Pache (2018) suggests a distant relationship with the Macro-Jê languages.

Language contact
Jolkesky (2016) notes that there are lexical similarities with the Andaki, Barbakoa, Choko, Duho, Paez, Sape, and Taruma language families due to contact.

Classification
 A
 Waimí (Guaymi)
 Guaymí (Ngäbere, Movere) – 170,000 speakers, vulnerable in Panama, endangered in Costa Rica
 Buglere (Bokotá) – 18,000 speakers, endangered
 Borũca (Brunca) – 140 speakers, moribund
 Talamanca
 Huetar (Güetar) †
 Bribri (Talamanca), 7,000 speakers – vulnerable in Costa Rica, endangered in Panama
 Cabécar (Talamanca) – 8,800 speakers, vulnerable
 Teribe (Norteño) – 3,300 speakers, endangered
 B
 Pech (Paya) – 990 speakers, endangered
 Dorasque †
 Votic
 Rama – 740 speakers, moribund
 Voto †
 Maléku (Guatuso) – 750 speakers, endangered
 Corobicí – northwestern Costa Rica †
 Cuna–Colombian
 Kuna (Dulegaya) – 60,600 speakers, vulnerable in Panama, endangered in Colombia
 Chibcha–Motilon
 Barí (Motilón) – 5,000 speakers, vulnerable
 Chibcha–Tunebo
 Muysccubun - †
 Duit †
 U'wa (Tunebo) – 2,550 speakers, endangered
 Guane † – Colombia
 Arwako–Chimila
 Chimila – 350 speakers, endangered
 Arwako
 Wiwa (Malayo, Guamaca) – 1,850 speakers, endangered
 Kankuamo †
 Arhuaco (Ika) – 8,000 speakers, vulnerable
 Kogi (Cogui) – 9,910 speakers, vulnerable

The extinct languages of Antioquia, Old Catío and Nutabe have been shown to be Chibchan (Adelaar & Muysken, 2004:49).

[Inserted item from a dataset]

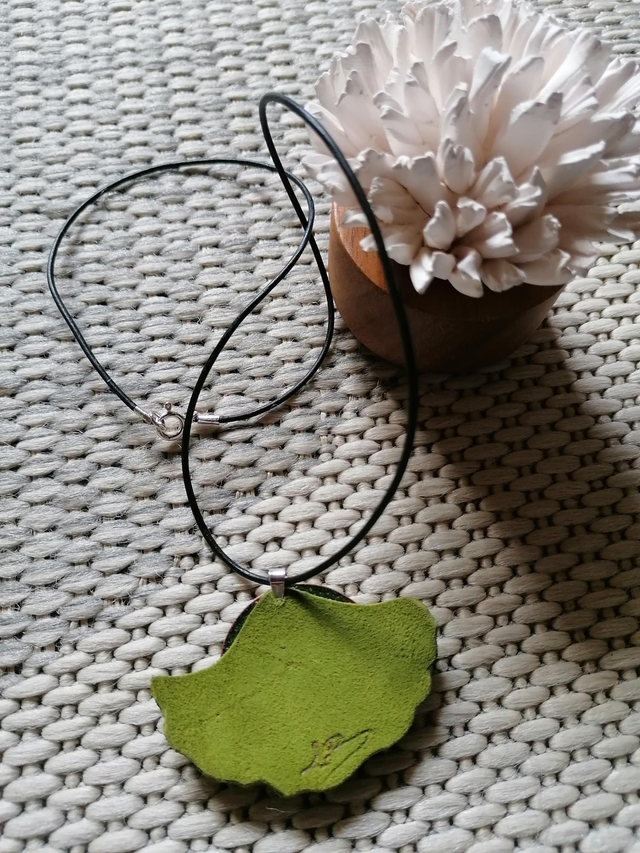 Pendentif en émail à la façon Léon Jouhaud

The language of the Tairona is unattested, apart from a single word, but may well be one of the Arwako languages still spoken in the Santa Marta range. The Zenú  Sinú language of northern Colombia is also sometimes included, as are the Malibu languages, though without any factual basis.

Adolfo Constenla Umaña argues that Cueva, the extinct dominant language of Pre-Columbian Panama long assumed to be Chibchan based on a misinterpreted Kuna vocabulary, was actually Chocoan, but there is little evidence.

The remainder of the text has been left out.